Let n be the number of rows in the input DataFrame views.

1. Filtering (views['author_id'] == views['viewer_id']):

    - This is a vectorized comparison across n rows.

    - O(n)

2. Selecting and Renaming Columns:

    - Selecting a column and renaming is O(n).

3. Dropping Duplicates (drop_duplicates):

    - In the worst case, all rows are unique, so it checks all n rows.

    - O(n) (pandas uses hash tables for this operation)

4. Sorting (sort_values):

    - Sorting k unique author_ids, where k ≤ n.

    - O(k log k)

5. Resetting Index:

    - Linear in number of rows, O(k).

**Total Time Complexity:**

O(n + k log k)

Since k ≤ n, the dominant term is O(n log n) in the worst case.

**Space Complexity**

1. Filtering:

    - Creates a boolean mask of length n (O(n)), and a filtered DataFrame (up to n rows).

2. Dropping Duplicates:

    - Stores up to n unique author_ids (O(n)).

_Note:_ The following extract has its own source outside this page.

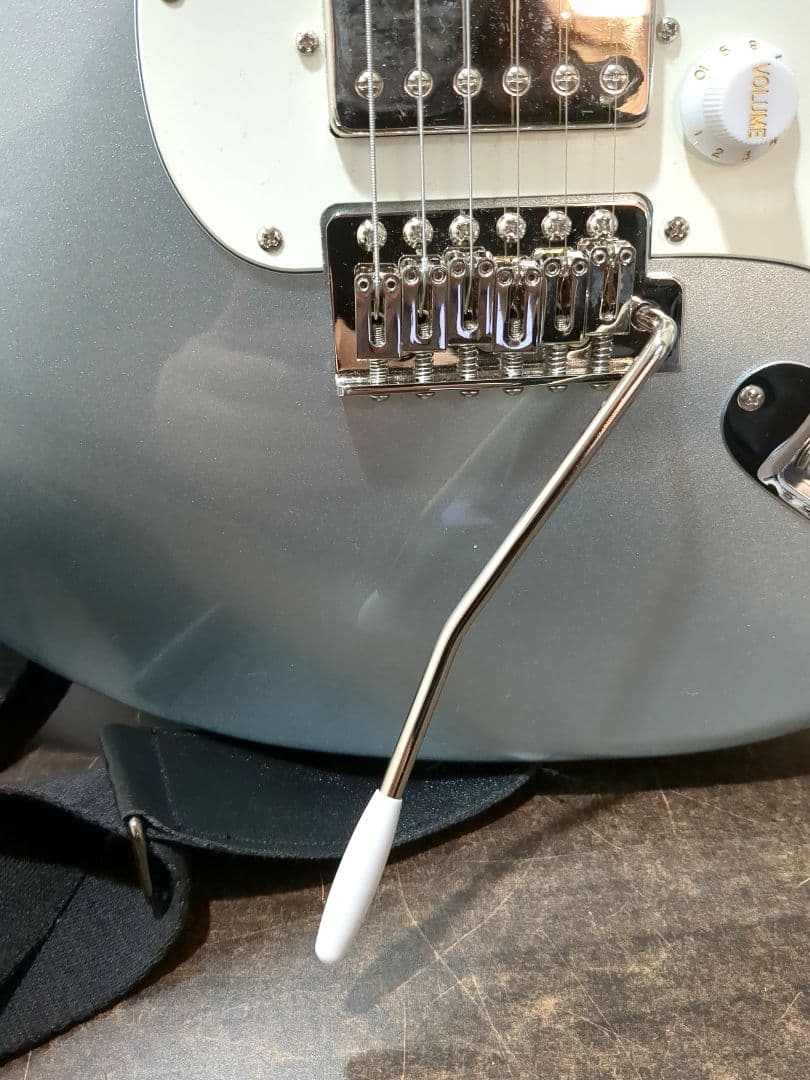 Donner DST-152 エレキギター HSSピックアップ　M2219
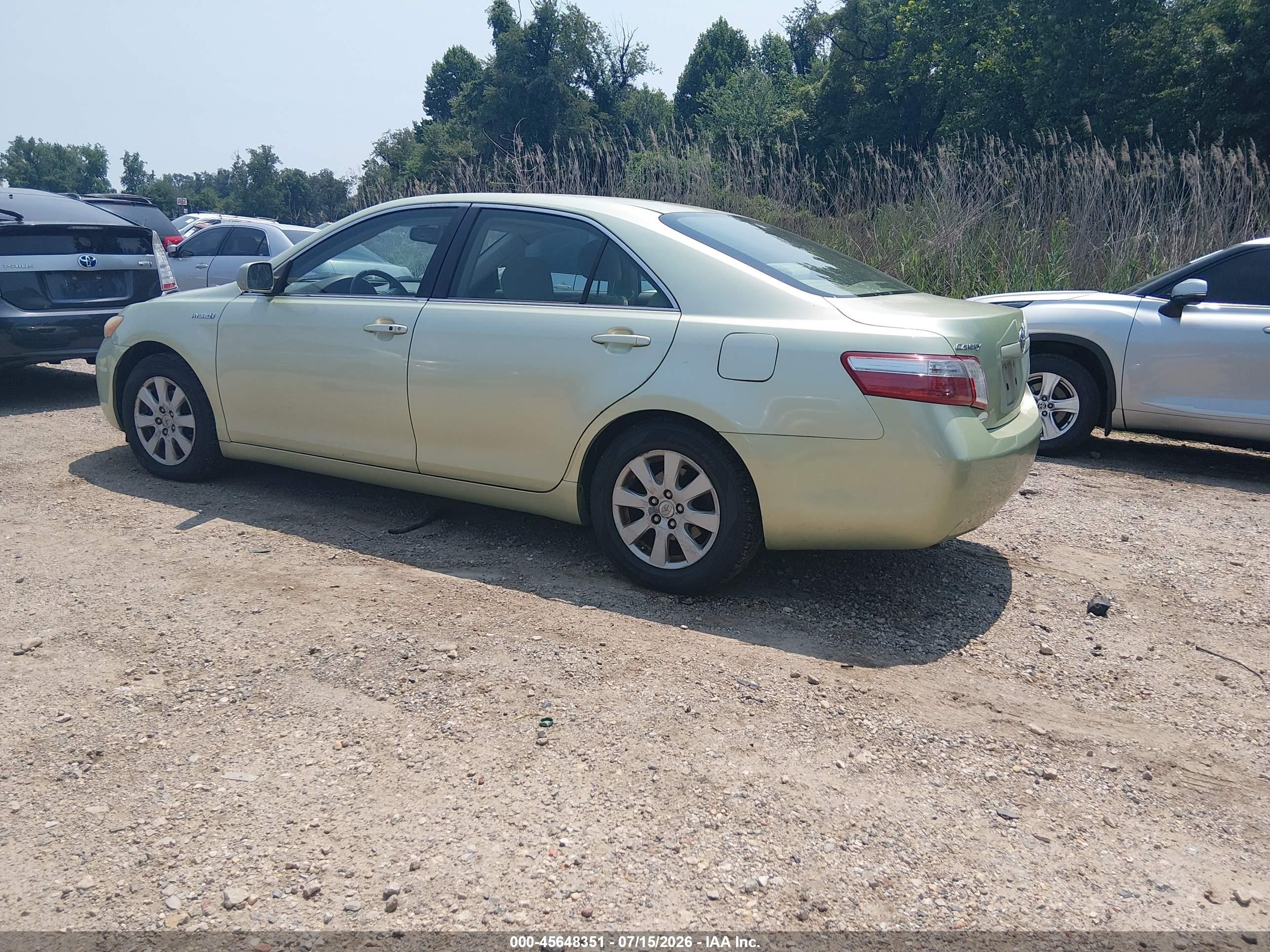 2007 Toyota Camry Hybrid   Green vin: JTNBB46K073010292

3. Sorting and Resetting Index:

    - Stores up to n unique ids (O(n)).


Example Usage

In [2]:
import pandas as pd

data = {
    'article_id': [1, 1, 2, 2, 3, 3, 3],
    'author_id':  [3, 3, 7, 7, 4, 4, 4],
    'viewer_id':  [5, 6, 7, 6, 1, 4, 4],
    'view_date': [
        '2019-08-01', '2019-08-02', '2019-08-01', '2019-08-02',
        '2019-07-22', '2019-07-21', '2019-07-21'
    ]
}

views = pd.DataFrame(data)

def article_views(views: pd.DataFrame) -> pd.DataFrame:
    result = views[views['author_id'] == views['viewer_id']]
    result = result[['author_id']].drop_duplicates().rename(columns={'author_id': 'id'})
    result = result.sort_values('id').reset_index(drop=True)
    return result

output = article_views(views)
print(output)


   id
0   4
1   7